(Captioned web images)
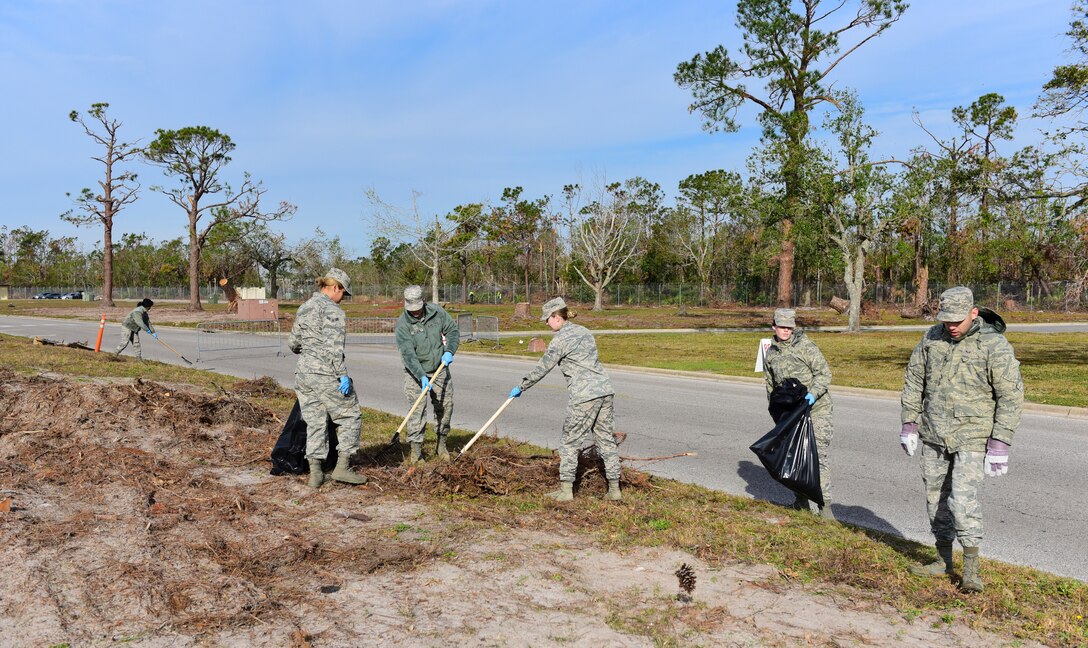 Task Force Talon II Airmen remove debris from the roadside at Tyndall Air Force Base, Fla., Nov. 29, 2018. Task Force Talon II is responsible for clearing debris and cleaning various parts of the base to include parts of the flightline and dormitories. (U.S. Air Force photo by Senior Airman Cody R. Miller)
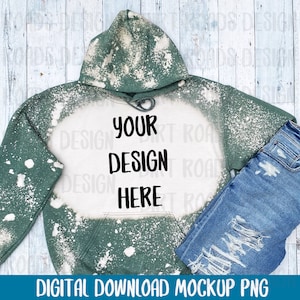 Könnte beinhalten: Grüner, gebleichter Hoodie mit einem weißen Designbereich, auf dem "YOUR DESIGN HERE" steht. Der Hoodie liegt auf einem weißen Holzgrund mit einer blauen Jeans.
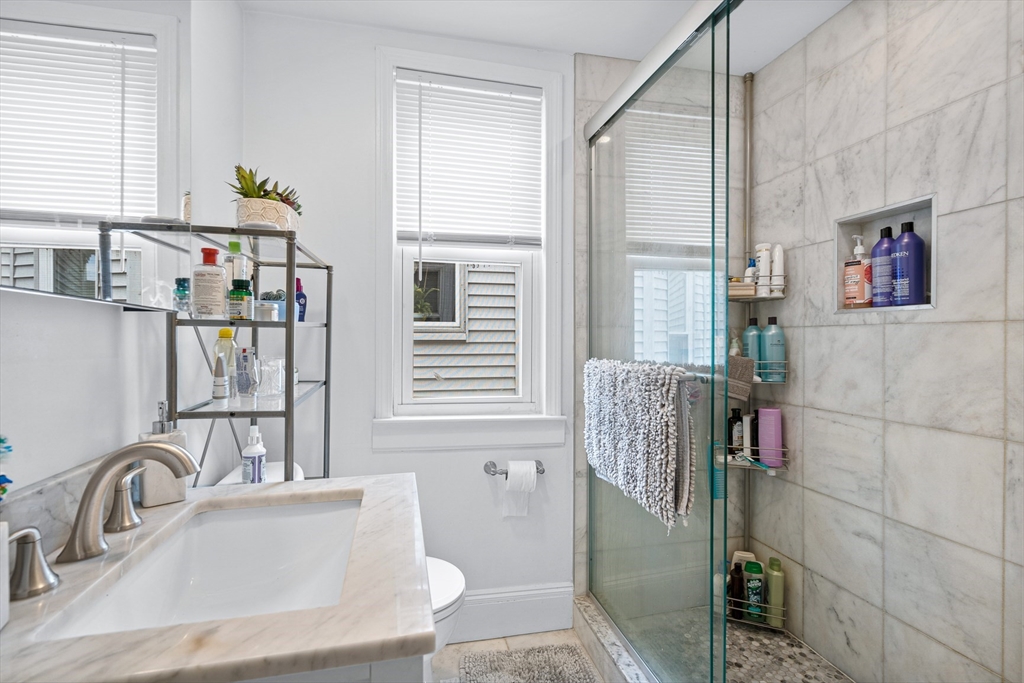 7 Hallam Street, Unit 3 Boston, MA 02125 - Photo 8 of 12 a bathroom with a sink and a window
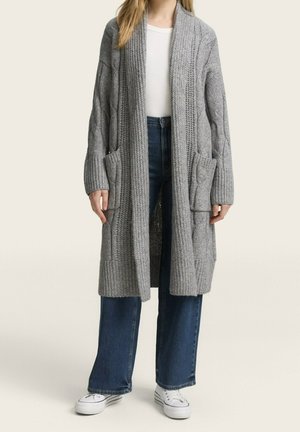Femme portant un long cardigan gris en maille avec des poches, un haut blanc, un jean bleu à jambes larges et des baskets blanches sur un fond neutre.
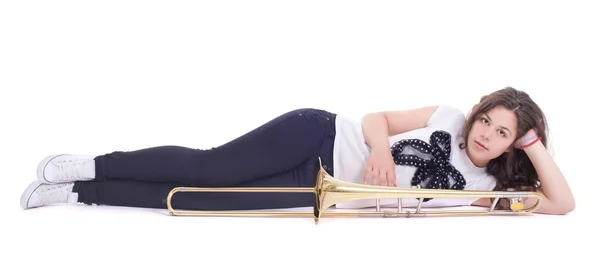 Tonårsflicka med trombon — Stockfoto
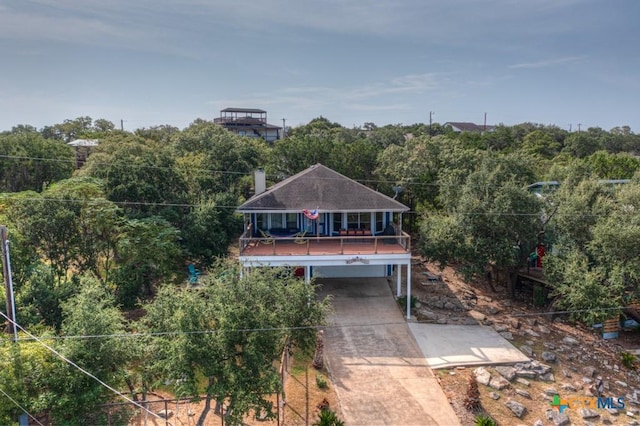 exterior space with a wooded view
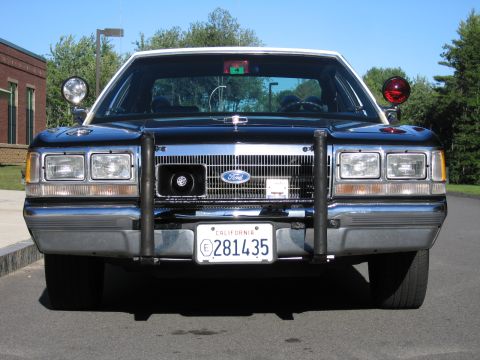 1991 Ford LTD Crown Victoria - Symmetrical head-on view of a dark blue Ford police sedan with chrome grille, push bar and California plate 281435.
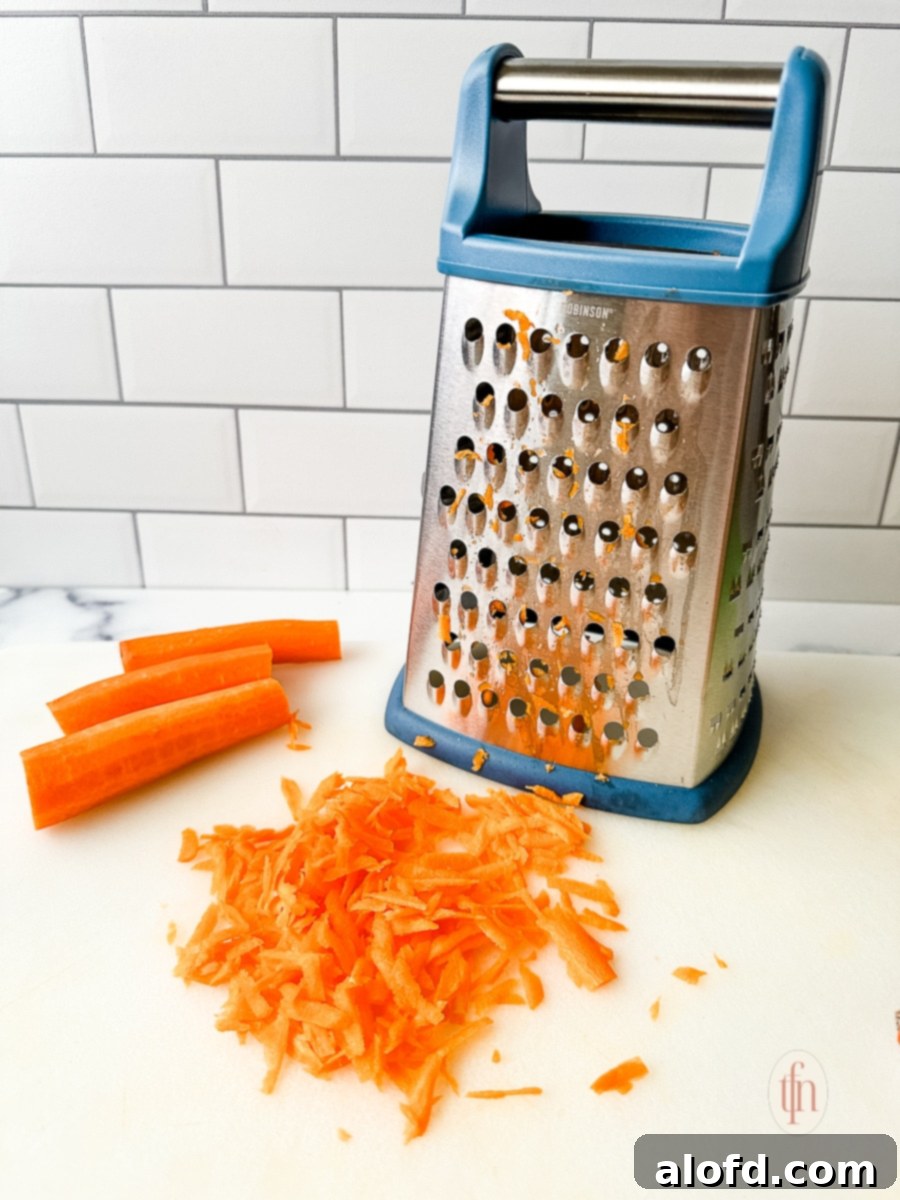 Shredding carrots on a box grater.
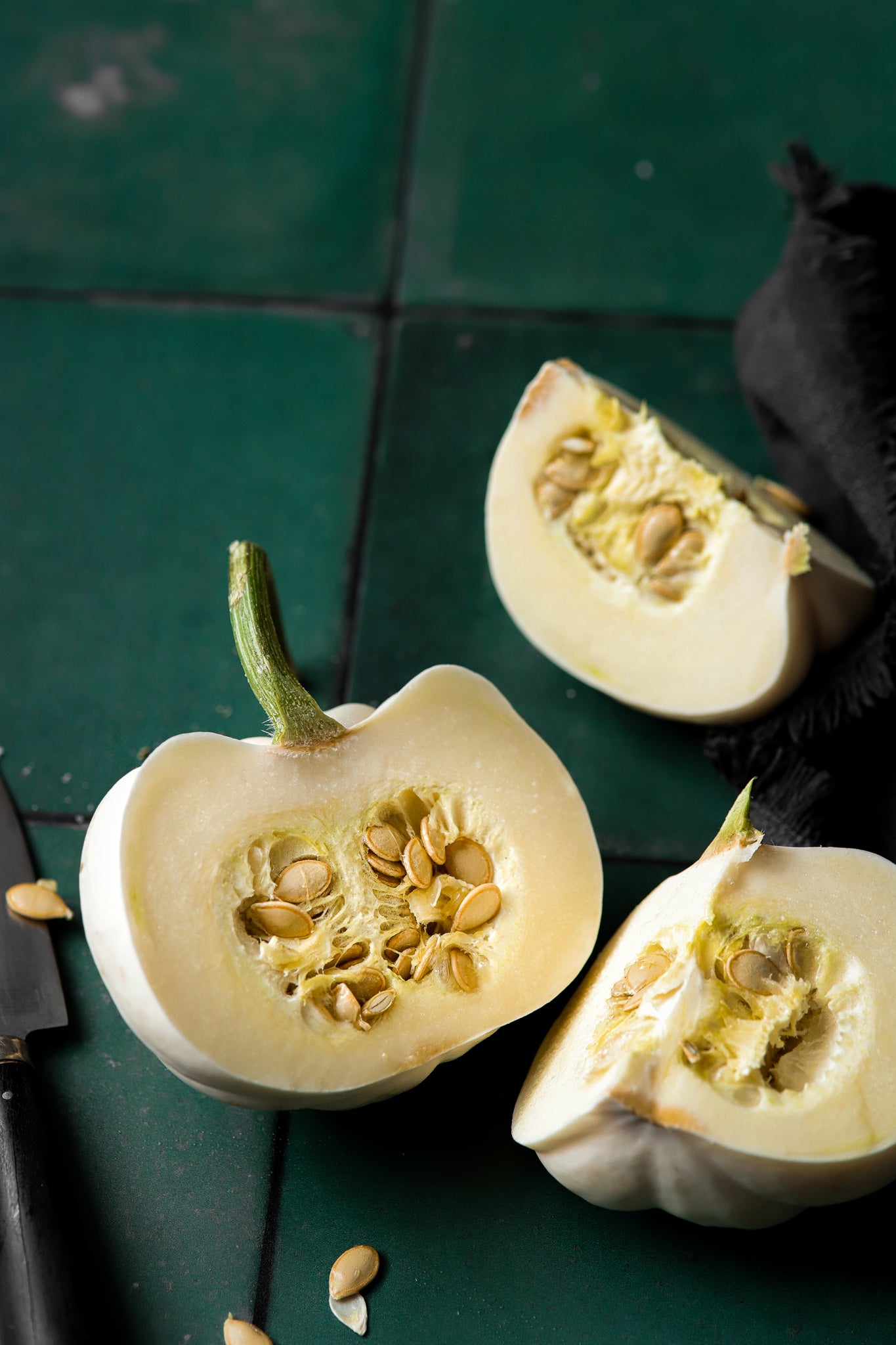 A styled image of freshly cut white squash on a green tile effect photography backdrop with an irregular patina.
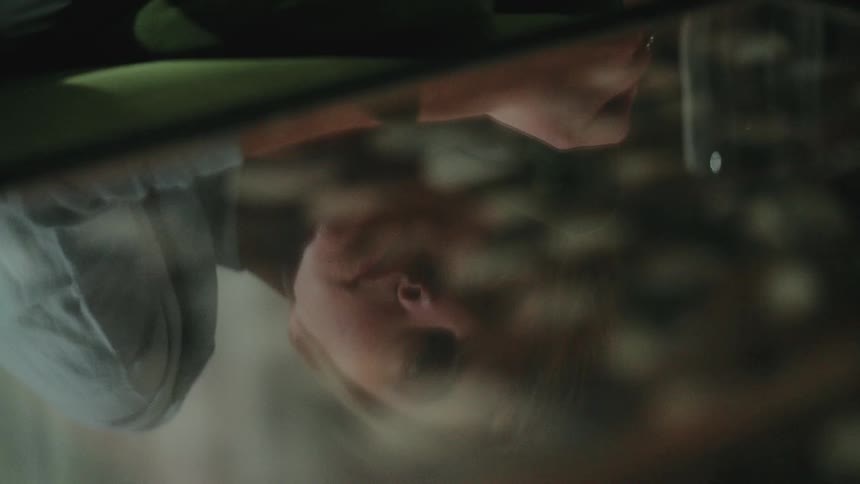 Reflection of a depressed blonde womans face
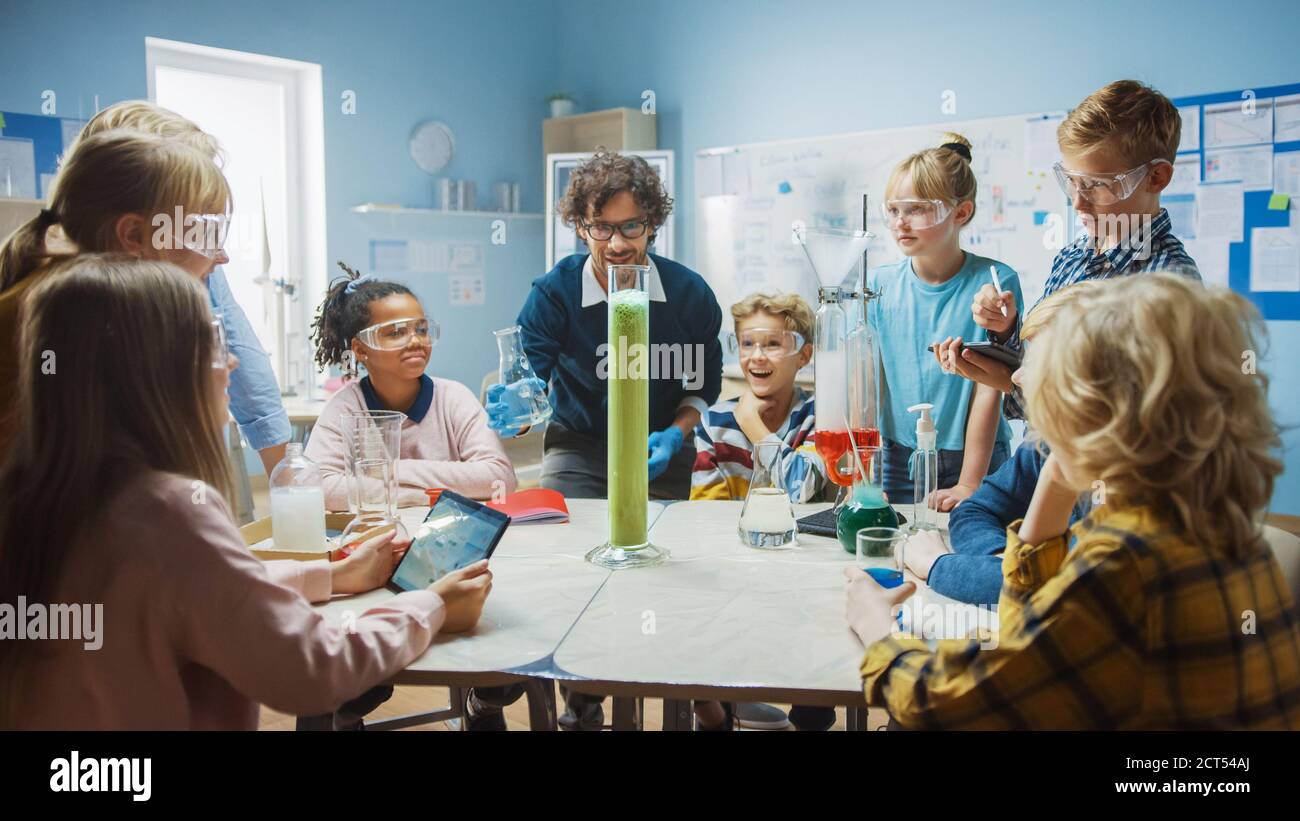 Elementary School Science Chemistry Classroom Teacher Shows Chemical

Task details
When restating the records word for word, omit any picture they contain.

Task output
 Task Force Talon II Airmen remove debris from the roadside at Tyndall Air Force Base, Fla., Nov. 29, 2018. Task Force Talon II is responsible for clearing debris and cleaning various parts of the base to include parts of the flightline and dormitories. (U.S. Air Force photo by Senior Airman Cody R. Miller)
 Könnte beinhalten: Grüner, gebleichter Hoodie mit einem weißen Designbereich, auf dem "YOUR DESIGN HERE" steht. Der Hoodie liegt auf einem weißen Holzgrund mit einer blauen Jeans.
 7 Hallam Street, Unit 3 Boston, MA 02125 - Photo 8 of 12 a bathroom with a sink and a window
Femme portant un long cardigan gris en maille avec des poches, un haut blanc, un jean bleu à jambes larges et des baskets blanches sur un fond neutre.
 Tonårsflicka med trombon — Stockfoto
 exterior space with a wooded view
 1991 Ford LTD Crown Victoria - Symmetrical head-on view of a dark blue Ford police sedan with chrome grille, push bar and California plate 281435.
 Shredding carrots on a box grater.
 A styled image of freshly cut white squash on a green tile effect photography backdrop with an irregular patina.
 Reflection of a depressed blonde womans face
 Elementary School Science Chemistry Classroom Teacher Shows Chemical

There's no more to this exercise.